# Sanity checks

Here we will perform a bunch of sanity checks on the model to see if its working as desired or not.

### Checking optimal log-likelihoods per permutation

For the end-to-end model of learning both causal ordering as well as the model parameters to work, different permutations should produce different log-likelihoods with the optimal permutation producing the best likelihood possible.

In [1]:
%load_ext autoreload

In [2]:
%autoreload 2
import sys
sys.path.append('..')


# setup data
from ocd.data import CausalDataModule
import dycode
import torch

# setup model
import lightning
import lightning.pytorch.callbacks
from ocd.training import OrderedTrainingModule


dm = CausalDataModule(
    name="asia",  # small dataset asia
    observation_size=4096,  # number of observation samples
    intervention_size=256,  # set to 0 for no intervention
    batch_size=64,
    num_workers=0,  # set to 0 for no multiprocessing
    val_size=0,  # 10% of data for validation, or use int for exact number of samples, set to 0 for no validation
    pin_memory=True,  # set to True for faster data transfer to GPU (if available)
)
dm.setup("fit")


# Extract the category sizes
in_features = dm.train_data[0].features_values


Setup a fixed permutation below and train the model. You can use the following options:
* `whole`: This will simply run the algorithm.
* `correct_order`: This will do a topological sort on the correct DAG and feed that to the model. We hope to gain the best likelihood using this.
* `seed`: This will be an integer value used to perform

In [3]:
import random
from ocd.utils import topological_sort
from ocd.evaluation import backward_score

# Set to false if you want a quick run using the whole model
prompt = True

# Set the permutation to be used, use the seed to switch between permutations

prompt_text = "[LIST OF INTEGERS] create a set of random permutations that is fixed and obtained from the input seeds. (camma seperated)\n"
prompt_text += "When you enter seed=0 it will produce the correct ordering\n"
prompt_text += "Enter option: "
resp = 'whole' if not prompt else input(prompt_text)

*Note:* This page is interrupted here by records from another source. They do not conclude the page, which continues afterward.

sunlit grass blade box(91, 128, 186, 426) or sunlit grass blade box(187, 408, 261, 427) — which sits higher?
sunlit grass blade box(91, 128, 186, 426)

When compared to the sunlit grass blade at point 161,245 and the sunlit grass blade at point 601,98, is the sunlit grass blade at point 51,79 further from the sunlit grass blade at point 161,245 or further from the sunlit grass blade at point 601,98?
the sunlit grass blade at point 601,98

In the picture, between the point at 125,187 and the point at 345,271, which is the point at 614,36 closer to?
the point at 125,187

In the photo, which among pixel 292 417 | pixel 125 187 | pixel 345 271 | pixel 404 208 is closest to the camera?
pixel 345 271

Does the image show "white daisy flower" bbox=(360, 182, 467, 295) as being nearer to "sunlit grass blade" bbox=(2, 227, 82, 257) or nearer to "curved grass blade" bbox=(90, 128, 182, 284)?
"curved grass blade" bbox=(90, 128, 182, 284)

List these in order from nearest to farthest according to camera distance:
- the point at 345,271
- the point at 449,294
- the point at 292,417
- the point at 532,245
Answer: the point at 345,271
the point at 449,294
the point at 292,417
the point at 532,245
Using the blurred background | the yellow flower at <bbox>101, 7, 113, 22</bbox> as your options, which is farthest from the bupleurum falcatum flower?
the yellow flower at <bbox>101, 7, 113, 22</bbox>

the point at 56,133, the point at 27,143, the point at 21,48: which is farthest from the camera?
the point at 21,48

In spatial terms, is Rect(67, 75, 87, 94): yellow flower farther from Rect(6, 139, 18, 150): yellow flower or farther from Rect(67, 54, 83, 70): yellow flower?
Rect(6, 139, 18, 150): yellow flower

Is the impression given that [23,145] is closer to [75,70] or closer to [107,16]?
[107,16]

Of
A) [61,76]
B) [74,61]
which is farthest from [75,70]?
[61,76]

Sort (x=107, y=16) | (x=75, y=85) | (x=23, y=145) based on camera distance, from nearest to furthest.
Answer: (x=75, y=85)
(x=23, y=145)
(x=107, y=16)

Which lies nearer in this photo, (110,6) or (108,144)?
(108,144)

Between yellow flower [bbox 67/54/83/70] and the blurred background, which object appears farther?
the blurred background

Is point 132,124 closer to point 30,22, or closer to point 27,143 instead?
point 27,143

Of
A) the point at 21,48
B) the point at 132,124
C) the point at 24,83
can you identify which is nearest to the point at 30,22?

# perform trimming on a string x to remove all spaces
seeds = [int(x.replace(' ', '')) for x in resp.split(',')]
print("permutations being used:\n")
FIXED_PERMUTATION = {}
for seed in seeds:
    if seed == 0:
        perm = topological_sort(dm.datasets[0].dag)
    else:
        random.seed(seed)
        perm = list(range(len(in_features)))
        random.shuffle(perm)
    score = backward_score(perm, dm.datasets[0].dag)
    FIXED_PERMUTATION[f'seed_{seed}' if seed else 'correct'] = [perm,score]
    print(perm, "backward score:", score)


permutations being used:

[0, 4, 7, 5, 1, 6, 3, 2] backward score: 0.25
[1, 0, 2, 5, 3, 4, 6, 7] backward score: 0.5
[6, 7, 5, 3, 4, 0, 1, 2] backward score: 0.375
[6, 0, 4, 3, 7, 1, 5, 2] backward score: 0.375
[2, 5, 3, 1, 0, 6, 4, 7] backward score: 0.5
[5, 4, 1, 0, 6, 3, 2, 7] backward score: 0.0


In [4]:

from lightning.pytorch import loggers as pl_loggers
dycode.register_context(torch)
# iterate over all the key item pairs in the dictionary FIXED_PERMUTATION
for VERSION, permutation in FIXED_PERMUTATION.items():
    print(f"Running experiment with permutation {permutation}")
    

    logger = pl_loggers.tensorboard.TensorBoardLogger("lightning_logs", name="sanity_check", version=VERSION)

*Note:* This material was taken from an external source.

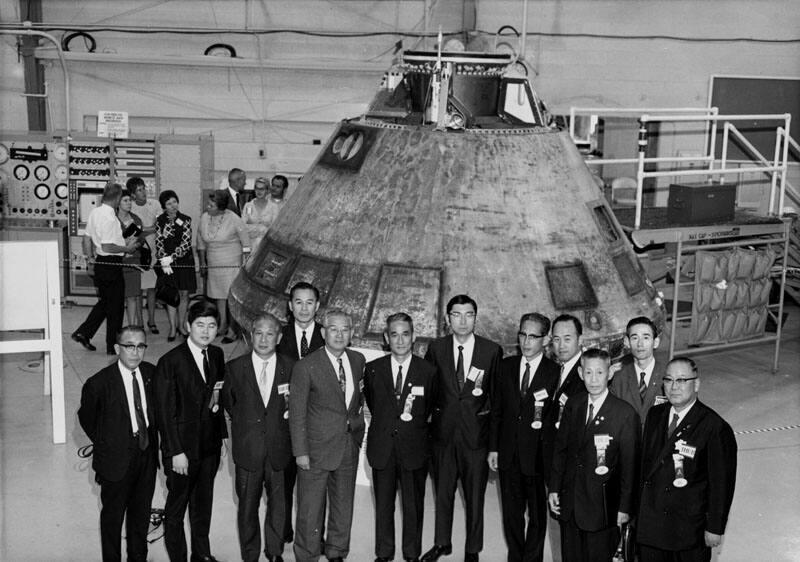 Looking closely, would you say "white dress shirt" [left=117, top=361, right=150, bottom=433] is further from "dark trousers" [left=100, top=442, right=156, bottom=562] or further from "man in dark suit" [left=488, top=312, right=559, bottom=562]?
"man in dark suit" [left=488, top=312, right=559, bottom=562]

    # set callbacks for the trainer
    callbacks = [
        # monitor the learning rate (log to tensorboard)
        lightning.pytorch.callbacks.LearningRateMonitor(logging_interval="epoch"),
    ]

    trainer = lightning.Trainer(
        # accelerator="mps",  # remove this line to run on CPU
        callbacks=callbacks,
        # precision=16, # for mixed precision training
        # gradient_clip_val=1.0,
        # gradient_clip_algorithm="value",
        max_epochs=43,
        track_grad_norm="inf",
        log_every_n_steps=1,
        logger=logger,
        # overfit_batches=3,
        # detect_anomaly=True,
    )

    # Extract the category sizes
    in_features = dm.train_data[0].features_values


    # torch.autograd.set_detect_anomaly(True)
    tm = OrderedTrainingModule(
        in_covariate_features=in_features,
        hidden_features_per_covariate=[
            [128 for i in range(len(in_features))],
            [64 for i in range(len(in_features))],
            [32 for i in range(len(in_features))],
        ],
        gamma_scaling=1,
        fixed_permutation=permutation[0],
        log_permutation=False,
        batch_norm=False,
        criterion_args= dict(
            terms=[
                "ocd.training.terms.OrderedLikelihoodTerm",
                # "ocd.training.terms.PermanentMatrixPenalizer",
                dict(
                    name="norm(gamma)",
                    term_function='lambda training_module: training_module.model.Gamma.norm(float("inf"))',
                    factor=0,
                ),
                dict(
                    name="norm(layers)",
                    term_function='lambda training_module: max([layer.linear.weight.norm(float("inf")) for layer in training_module.model.made.layers])',
                    factor=0,
                ),
            ],
            regularizations=[
                    dict(
                        name="nothing",
                        term_function="lambda batch: torch.zeros(1, device=batch[0].device)",
                        factor="def factor(training_module, results_dict):\n\ttraining_module.loss = results_dict['loss']\n\treturn 0",
                    ),
            ],
        ),
        noise_factor=0,
        optimizer=['torch.optim.Adam', 'torch.optim.Adam'],
        optimizer_parameters=['model.made', 'model.Gamma'],
        optimizer_args=[
            dict(
                weight_decay=0.0001,
            ),
            dict()
        ],
        optimizer_is_active=[
            'lambda training_module: training_module.current_epoch % 10 < 10',
            'lambda training_module: training_module.current_epoch % 10 < 10',
        ],
        tau_scheduler="lambda training_module: max(0.0001, 0.5 * 0.99 ** (training_module.current_epoch // 1000))",
        n_sinkhorn_scheduler="lambda training_module: min(120, max(60, 60 + ((training_module.current_epoch - 60) // 10)))",
        lr=0.001,
        scheduler="torch.optim.lr_scheduler.ExponentialLR",
        scheduler_interval="epoch",
        scheduler_args={"gamma": 0.999},
    )
    try:
        trainer.fit(tm, dm)
    except KeyboardInterrupt:
        print("Keyboard interrupt detected, stopping training")
    print(f"Finished training on {permutation} with loss: {tm.loss}")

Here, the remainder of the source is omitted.